Amazingly the by-election for Chris Huhne’s Eastleigh seat had been done and dusted before the legal cases were over. What a drama it was! In fact in many ways a classical Greek drama involving the tragedy and revenge of a marriage and hubris of a politician who thought he could escape the law
The case is fascinating from many legal perspectives too, including the infamous 10 questions which the first jury asked the judge and which reignited a debate about the effectiveness of juries. But that would be a separate blog’s worth. Here I just want to ask: what exactly is ‘marital coercion?’
The defence has deep historical roots: the common law defence was replaced by section 47 of the Criminal Justice Act 1925.
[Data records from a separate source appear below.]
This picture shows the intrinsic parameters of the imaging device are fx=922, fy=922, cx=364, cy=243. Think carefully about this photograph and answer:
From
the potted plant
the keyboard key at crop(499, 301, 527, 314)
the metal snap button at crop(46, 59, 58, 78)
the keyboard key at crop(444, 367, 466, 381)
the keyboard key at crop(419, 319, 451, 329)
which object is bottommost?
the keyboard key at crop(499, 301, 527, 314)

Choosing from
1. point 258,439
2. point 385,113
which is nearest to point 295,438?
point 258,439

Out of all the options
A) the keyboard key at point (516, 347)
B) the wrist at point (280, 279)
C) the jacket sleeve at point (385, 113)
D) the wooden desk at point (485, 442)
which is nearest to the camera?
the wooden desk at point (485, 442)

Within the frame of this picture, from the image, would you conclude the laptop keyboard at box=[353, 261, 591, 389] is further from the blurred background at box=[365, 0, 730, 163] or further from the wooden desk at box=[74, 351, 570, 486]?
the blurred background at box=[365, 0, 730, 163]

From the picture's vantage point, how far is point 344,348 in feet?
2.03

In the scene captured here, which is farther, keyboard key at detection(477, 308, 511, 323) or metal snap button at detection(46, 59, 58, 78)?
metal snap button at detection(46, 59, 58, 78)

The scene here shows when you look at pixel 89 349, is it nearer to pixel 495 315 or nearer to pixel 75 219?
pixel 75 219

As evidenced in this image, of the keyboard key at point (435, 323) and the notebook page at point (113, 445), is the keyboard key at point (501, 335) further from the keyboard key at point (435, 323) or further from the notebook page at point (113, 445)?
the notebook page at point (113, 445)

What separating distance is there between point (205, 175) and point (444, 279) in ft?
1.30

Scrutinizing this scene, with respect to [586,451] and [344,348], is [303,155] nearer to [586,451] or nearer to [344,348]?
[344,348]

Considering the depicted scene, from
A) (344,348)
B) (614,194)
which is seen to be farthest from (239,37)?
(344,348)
There is a defence of duress, which can be put forward to exonerate a defendant from many crimes. But it requires a threat to cause serious harm to the Defendant to have caused him/her to commit the crime in question. Conversely, whilst ‘coercion’ is not defined in the statute, it is clearly wider than this. P J Pace in an article in the Criminal Law Review in 1982 said it would include ‘threats (by a husband) to take the children away from the wife, to commit adultery, to bring his mistress into the marital home, or to bring the children up in a religion different from his wife’s.’
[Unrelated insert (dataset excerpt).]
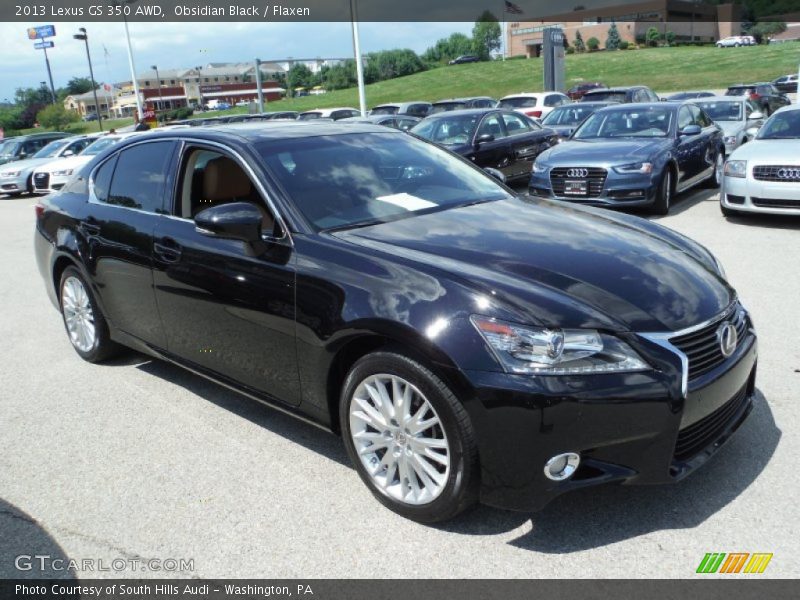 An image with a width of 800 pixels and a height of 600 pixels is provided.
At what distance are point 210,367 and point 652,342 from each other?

Is the defence of marital coercion appropriate in today’s world? After all, whilst the defence was originally invented to protect wives, it arose from a time when this protection was needed because of the unequal status of wives in the first place – from an age where a wife was a husband’s chattel more or less but also from the ‘Age of Chivalry’. The Law Commission, the statutory independent body created by the Law Commissions Act 1965 to keep the law under review and to recommend reform where it is needed, has previously proposed its abolition. This view would be supported by the argument that any coercive influences upon a defendant should be mitigation for the crime (and thus be reflected in the court’s sentence) but should not exonerate the defendant from a guilty verdict. Alternatively, should the defence of coercion be extended to cover other relationships, not just marriage e.g. civil partnerships and even employment relationships? Indeed as to the former, there may be a discrimination argument that it should, if the defence is to survive.
As a final note, in civil law, the law is different and firmly established. There is the principle of ‘undue influence’ which can be used as a defence to several legal obligations that might otherwise arise, for instance from documents signed, and the relationships where undue influence can arise are much wider than marriage.